Aus der Mai 1918-Ausgabe des Herolds der Christlichen Wissenschaft

Christian Science Monitor


Friede und Materialität sind Gegensätze. Wer da glaubt, Friede in der Materie finden zu können, beweist dadurch, daß er das Wesen der Materie gänzlich verkennt. Friede ist offenbar ein abstrakter mentaler Zustand. Die Materie ist entweder ein subjektiver Zustand des menschlichen Gemüts, oder der Ausdruck einer von diesem Gemüt unabhängigen Kraft oder Energie; ja der rein materialistischen Anschauung zufolge ist Gemüt etwas in der Materie Bestehendes und von ihr Abhängiges. Irgendeiner dieser gegensätzlichen Anschauungen der menschlichen Philosophie gemäß ist der innere Friede des Menschen der Materie preisgegeben. Selbst nach den Lehren des Idealisten hat ein materielles oder sterbliches Gemüt, das die Veränderlichkeit der Materie webt, selber einen Zustand des Kampfes geschaffen, in welchen Friede undenkbar ist.

Wenn also das menschliche Gemüt Frieden haben will, so muß es sich offenbar von sich selber befreien. Mit anderen Worten, der Mensch muß aufhören, fleischlich gesinnet zu sein; er muß in dem Christus-Sinn Zuflucht suchen, in jenem Zustand der geistigen Gesinnung, der das gerade Gegenteil von der fleischlichen Gesinnung ist und den man sich nur in dem Maße aneignet, wie das menschliche oder sterbliche Gemüt mit seinen Bildern der Materie oder Disharmonie der Kundwerdung des ewigen, göttlichen Gemüts Raum gibt, der Kundwerdung, die der vermeintliche materielle Nebel verborgen gehalten hat. Letzterer ist die unvermeidliche Atmosphäre des menschlichen oder sterblichen Gemüts, dessen subjektiver Zustand die Materie ist.

Die Materie, wie bereits erwähnt, ist ein Zustand des Kampfes.
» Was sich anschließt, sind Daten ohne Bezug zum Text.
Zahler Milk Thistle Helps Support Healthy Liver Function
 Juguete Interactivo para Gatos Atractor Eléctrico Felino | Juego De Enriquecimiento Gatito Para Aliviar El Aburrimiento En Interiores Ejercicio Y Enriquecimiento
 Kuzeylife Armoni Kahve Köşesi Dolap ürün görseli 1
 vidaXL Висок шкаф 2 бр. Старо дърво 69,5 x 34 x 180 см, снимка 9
Gerade die Behauptung des Naturwissenschafters, auf die er seine Lehre von der Unzerstörbarkeit der Materie gründet, macht solches unvermeidlich. Diese Behauptung lautet ungefähr wie folgt: daß die Materie ein Zustand der Veränderlichkeit ist, der Energie, wenn man so will, in der, oberflächlich betrachtet, alles zu sterben scheint, in Wirklichkeit aber in Übereinstimmung mit dem Gesetz der Erhaltung auf eine gewisse Dauer in eine andere Form des Daseins übergeht. Diese Anschauung ist durchaus nicht neu. Schon der Chinese Tzu Li, der ein Anhänger des Lao-tse war, veranschaulichte sie, als er mit seinem Freund Tzu Lai über dessen Zukunft sprach. „Wahrlich, Gott ist groß!“ sagte er. „Was wird Er wohl aus dir machen! Glaubst du, Er wird dich in eine Rattenleber oder in eine Schlangenschulter verwandeln?“ Dreiundzwanzig Jahrhunderte später sprach Shakespeare den Gedanken aus, daß Cäsars Zukunft in einem Ziegelstein zu suchen sei. Ob man nun die Theorie Chuang Tzus, Shakespeares oder Thomas Huxleys annimmt, man gelangt auf diesem oder jenem Umweg zu irgendeinem sogenannten Gesetz des Kampfes, das den Menschen früher oder später, gewöhnlich früher als später, unter das Joch der Disharmonie bringt.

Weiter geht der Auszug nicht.